I've learned not to be too quiet about my opinions, I've learned to be able to laugh at myself from
those who couldn't. I’ve learned from my family. I have seen their failures and have since given
up on most of them. Two brothers and a mother who seems to lack the determination to do
anything now that her life has gone to shit. My two failed brothers: one with the good heart, the
other with the good brain, but both failed because their drive faltered. I have learned from them
all;I will not destroy myself over my own failures. I will learn from them and grow as a person. I
will succeed because to fail would make me no better than them and I have to be better, have to
be smarter.
I can show that the kids didn’t grow up the way they did because of tough love or a
certain kind of parenting; it was a lack of parenting, a lack of drive in the parents that caused the
kids to develop their own. They had all managed to get out of West Virginia within four years of
each other to the illustrious New York City. They go to where they can make something of
themselves and they do. They all made something of themselves even something as pathetic
as a drugged up bum, to high ranking writers and a police sergeant; they all did something.

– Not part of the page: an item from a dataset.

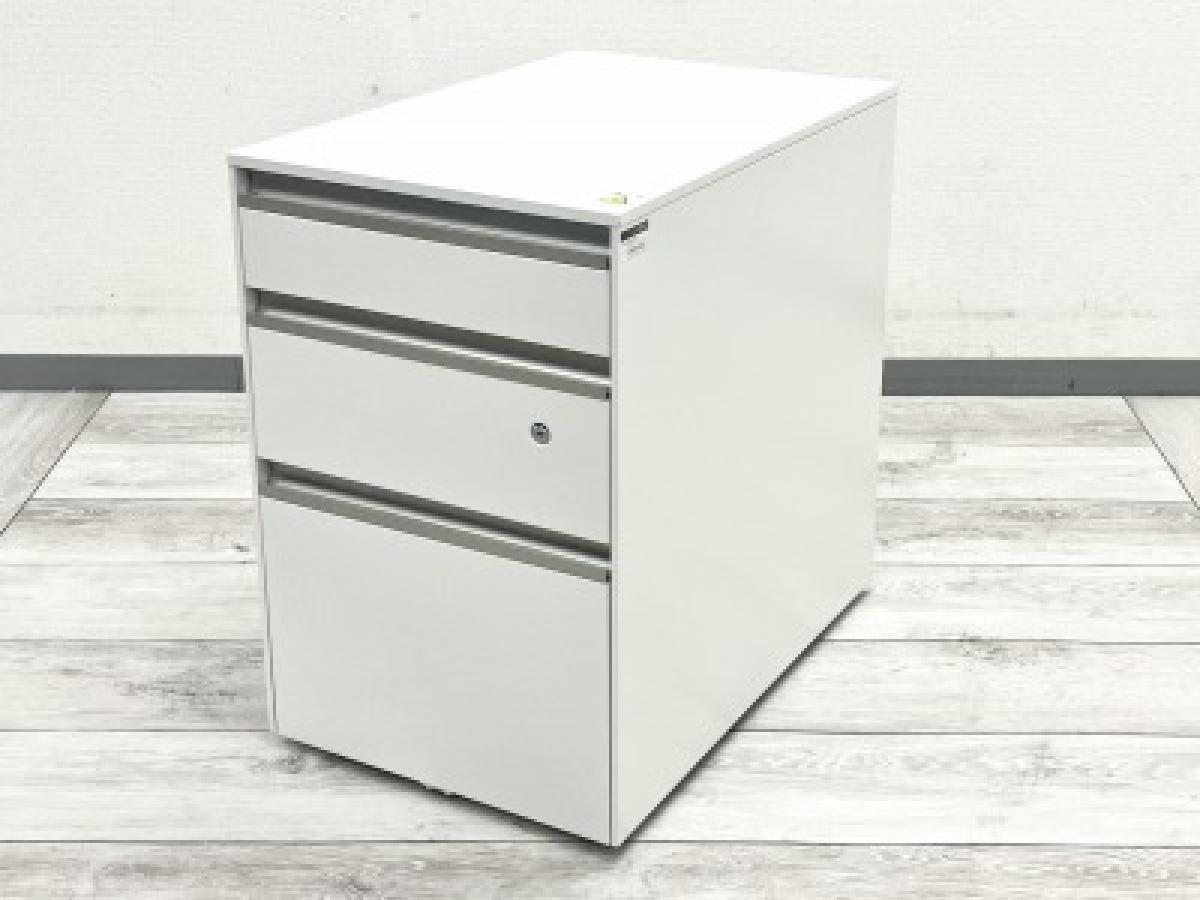 取引済 イナバ MBW40 中古 中古】インクルード JF-046MACB-W9 イトーキ/ITOKI ワゴン3段 587808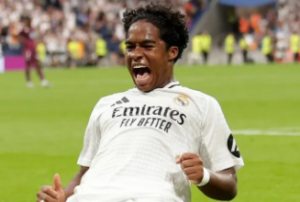 Gol de Endrick no Real Madrid rende R$ 217 mil ao Palmeiras; clube ainda pode ganhar mais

Some got married and had families. They struggled however, in more common ways. They
brought themselves into a different social class; every human is born with the drive to do all of
these things, to achieve what you want is all on you keeping your drive and applying it
consistently.
If you go forward with your life properly, you can live sixty percent of your life off the
wealth of your own labors and decisions. This story of these people is proof that in the end
neglect and bad parenting can produce some of the brightest lights in our world. These are
some of the best examples of what being thrown in the dirt, and treated far worse can do to
people, yet there they stood making a name for themselves in the Big Apple.